Another fleet executive said he is seeing the strongest partnership in the last 15 years forming now between carriers and shippers as a result of the booming freight market — including how often fuel surcharges are applied.

“While we used to negotiate rates for each fiscal quarter, we now only contract pricing and fuel surcharge schedules one month at a time,” said Garrett Bowers, CEO of Bowers Trucking and Logistics Inc. in Ponca City, Okla.

The carrier has 58 trucks, and fuel consumption ranges from 80,000 to 90,000 gallons in any given month.

“Customers witnessing this bullish freight market, we all see, are certainly willing to pay for ‘reliable’ freight, and therefore offset a company’s variable costs, so long as their engagements, productivity and requirements are met,” he added.

His 41-year-old company ranks No. 35 on the Transport Topics list of the largest flatbed-heavy specialized carriers in North America.

Bowers also relies on fuel card purchasing agreement incentives, rebates and contract negotiations. “I believe consistent, steady, relative volumes of purchasing and constant negotiation can save a business a lot on volatile inputs-per-mile.”

He also noted commodity hedging and option trading have been popular this year.

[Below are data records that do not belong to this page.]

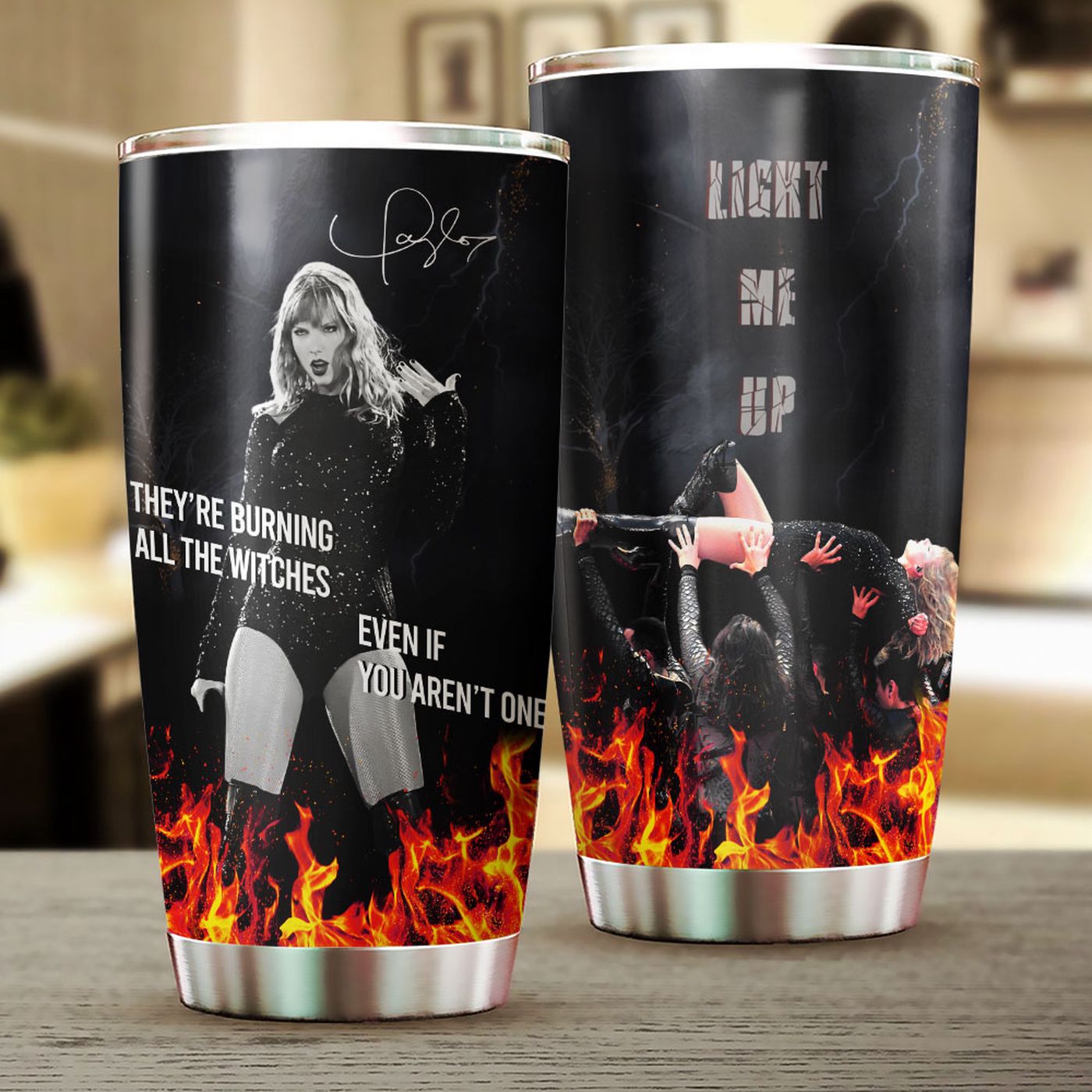 Taylor Swift Tumbler Cup – Perfect Gift for Fans Official Merchandise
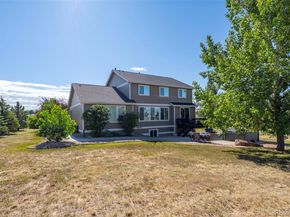 8700 Ehler Parkway, Brighton CO 80602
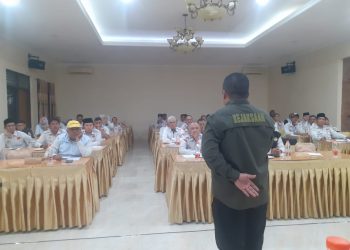 FKDM Kota Bekasi Akan Gelar Sinergitas Ormas se Kota Bekasi 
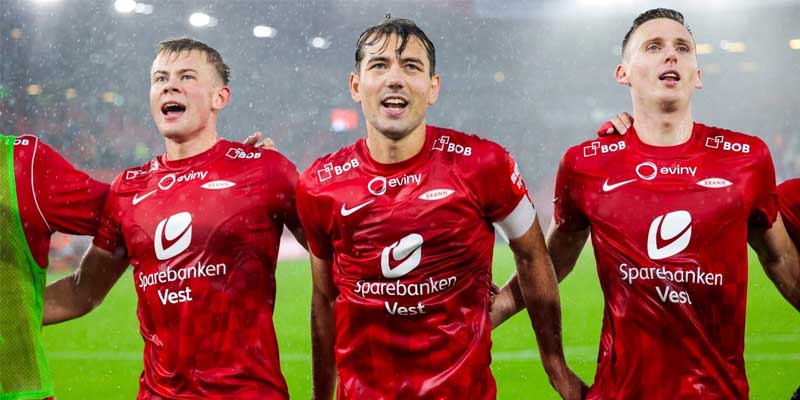 Phân tích kèo trận đấu Hacken vs Brann ngày 08/08/2025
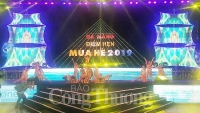Đà Nẵng kích cầu du lịch bằng “Điểm hẹn mùa hè 2019”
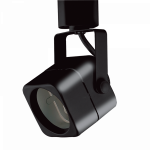 Светильник трековый под лампу GU10 черный 230V IP20 PTR 24 JazzWay Светильник трековый под лампу GU10 черный 230V IP20 PTR 24 JazzWay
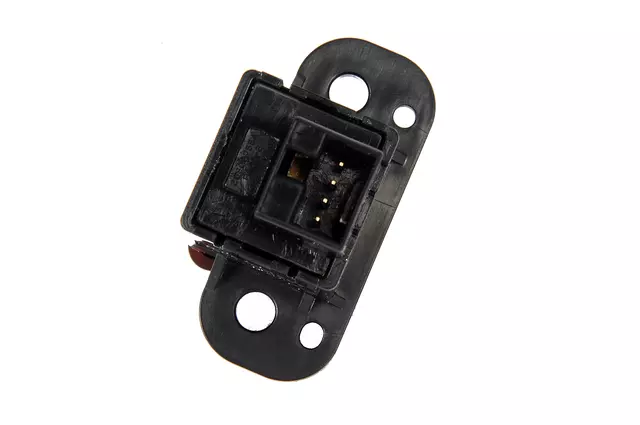 95282258 - : Part# 95282258 Hazard Warning Switch for Chevrolet: Cruze, Cruze Limited, Sonic, Trax Image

Larson at JMS said electronic data from his trucks running the road allowed the company to reward and remind, as appropriate, drivers, who have a primary role in maintaining optimum fuel efficiency.

“We look at the data on a weekly basis, and if a driver is under the set criteria for idle time that week, then they receive a bonus in their paid miles for that week. That has worked well,” Larson said.

The Cedar Rapids, Iowa-based carrier has 150 trucks and specializes in dry van Midwest regional freight, although it extends farther out, as well.

It used 474,008 gallons of diesel in the first quarter, and 446,768 in the second quarter.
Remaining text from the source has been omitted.